### Task objective
Leave out any picture and return the remaining listing below exactly as given.

### Extracted records
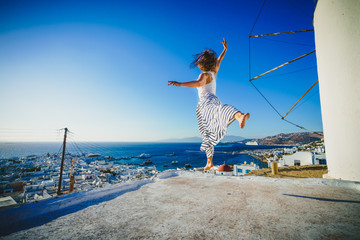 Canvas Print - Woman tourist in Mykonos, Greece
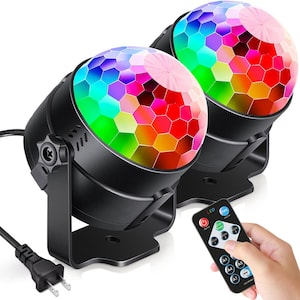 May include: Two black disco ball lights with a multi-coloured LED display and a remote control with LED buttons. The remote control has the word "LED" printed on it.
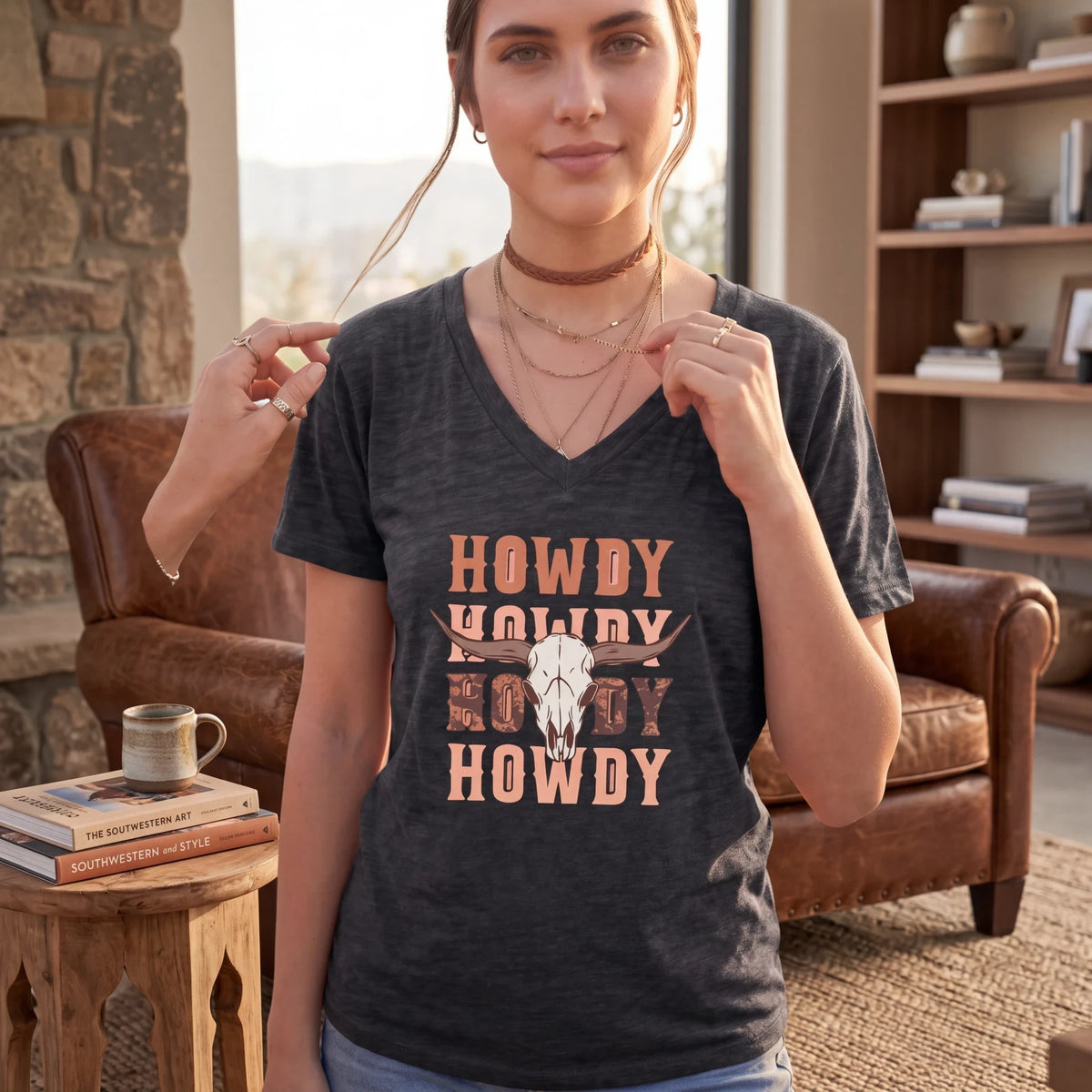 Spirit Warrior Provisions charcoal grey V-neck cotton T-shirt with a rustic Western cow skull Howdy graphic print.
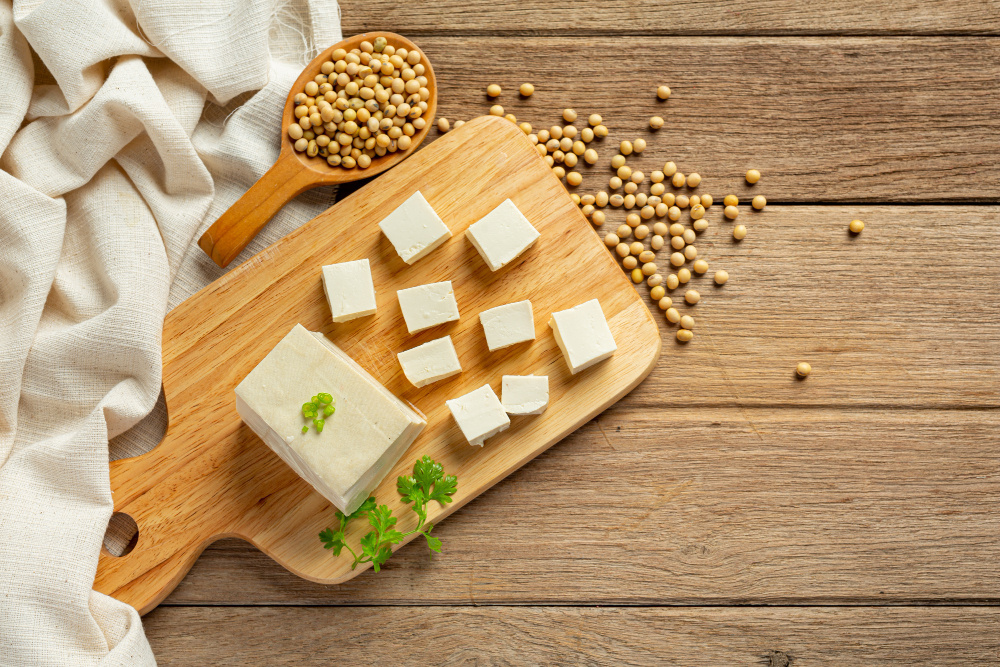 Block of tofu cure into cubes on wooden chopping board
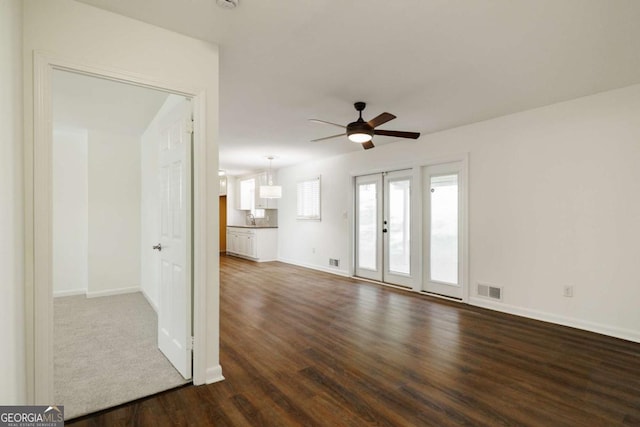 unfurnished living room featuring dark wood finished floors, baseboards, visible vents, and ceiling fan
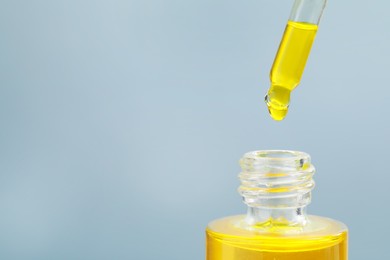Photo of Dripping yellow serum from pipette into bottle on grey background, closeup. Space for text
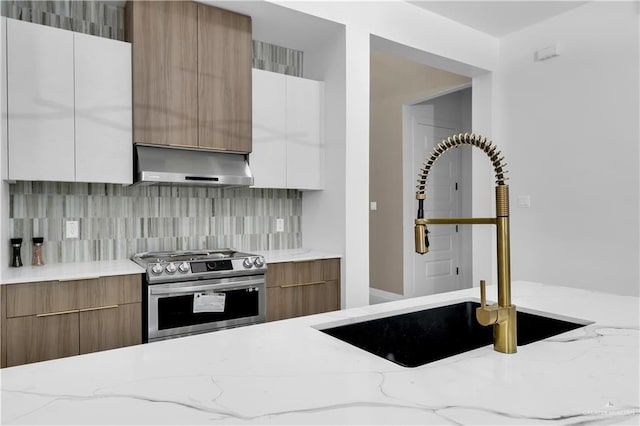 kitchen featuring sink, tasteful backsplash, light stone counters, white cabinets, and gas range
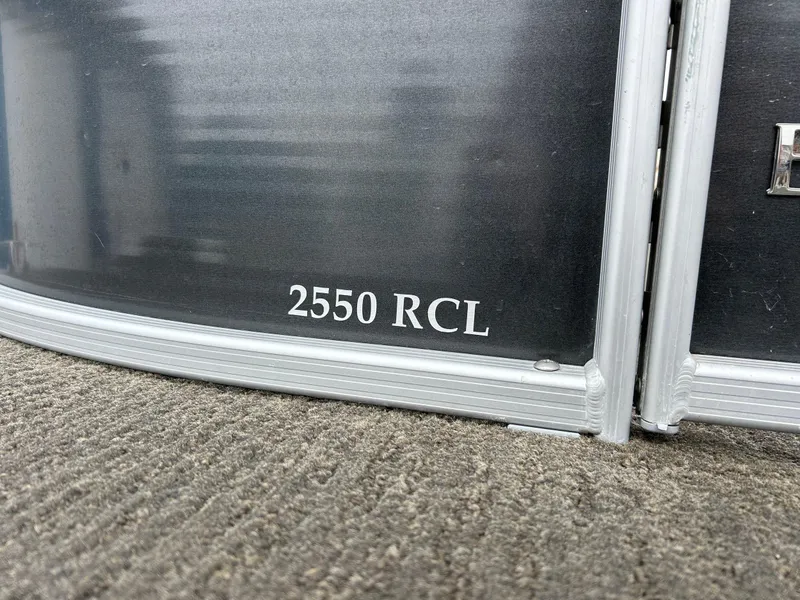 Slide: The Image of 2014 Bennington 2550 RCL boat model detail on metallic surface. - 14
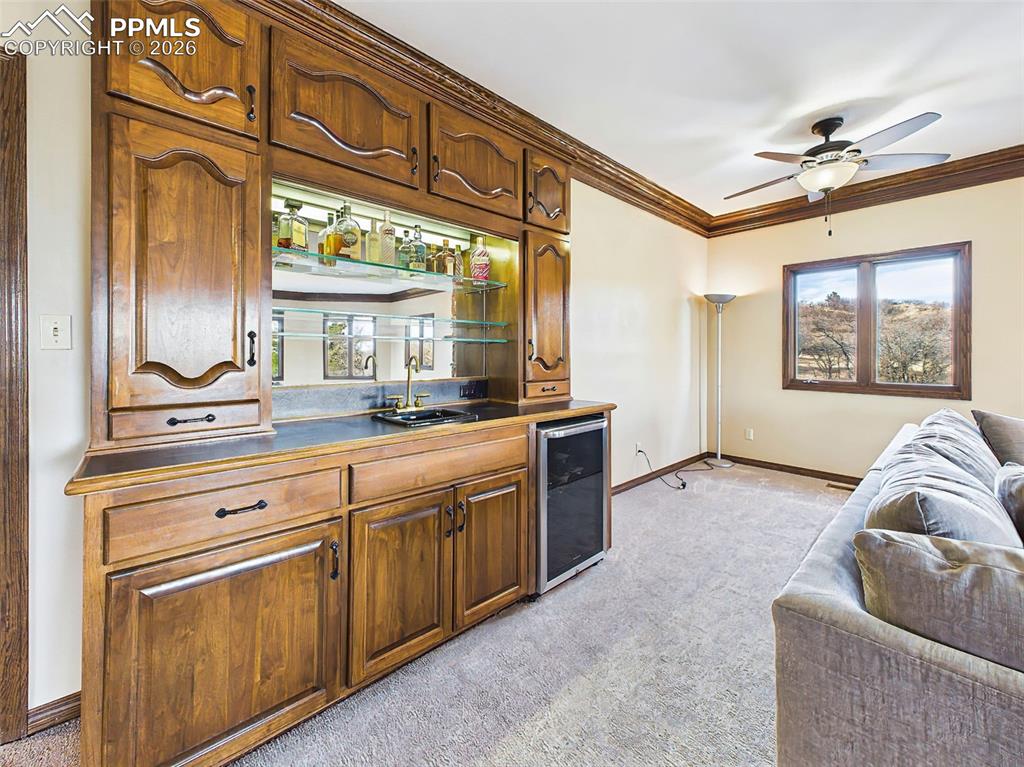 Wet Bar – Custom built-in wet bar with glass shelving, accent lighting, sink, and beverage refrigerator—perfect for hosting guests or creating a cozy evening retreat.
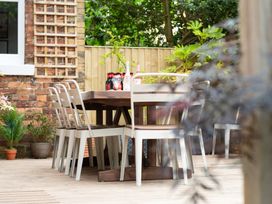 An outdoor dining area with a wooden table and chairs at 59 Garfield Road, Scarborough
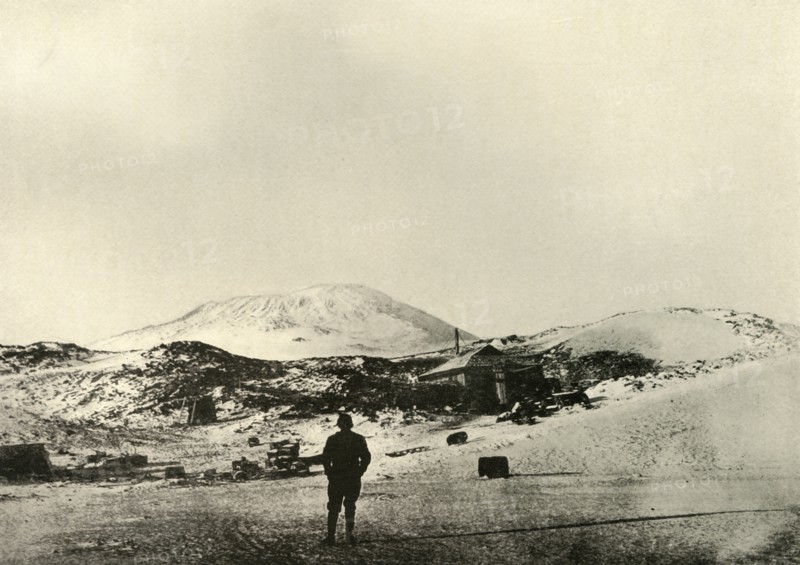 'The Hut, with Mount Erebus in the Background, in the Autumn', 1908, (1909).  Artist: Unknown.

### Task solution
 Canvas Print - Woman tourist in Mykonos, Greece
 May include: Two black disco ball lights with a multi-coloured LED display and a remote control with LED buttons. The remote control has the word "LED" printed on it.
 Spirit Warrior Provisions charcoal grey V-neck cotton T-shirt with a rustic Western cow skull Howdy graphic print.
 Block of tofu cure into cubes on wooden chopping board
 unfurnished living room featuring dark wood finished floors, baseboards, visible vents, and ceiling fan
Photo of Dripping yellow serum from pipette into bottle on grey background, closeup. Space for text
 kitchen featuring sink, tasteful backsplash, light stone counters, white cabinets, and gas range
 Slide: The Image of 2014 Bennington 2550 RCL boat model detail on metallic surface. - 14
 Wet Bar – Custom built-in wet bar with glass shelving, accent lighting, sink, and beverage refrigerator—perfect for hosting guests or creating a cozy evening retreat.
 An outdoor dining area with a wooden table and chairs at 59 Garfield Road, Scarborough
 'The Hut, with Mount Erebus in the Background, in the Autumn', 1908, (1909).  Artist: Unknown.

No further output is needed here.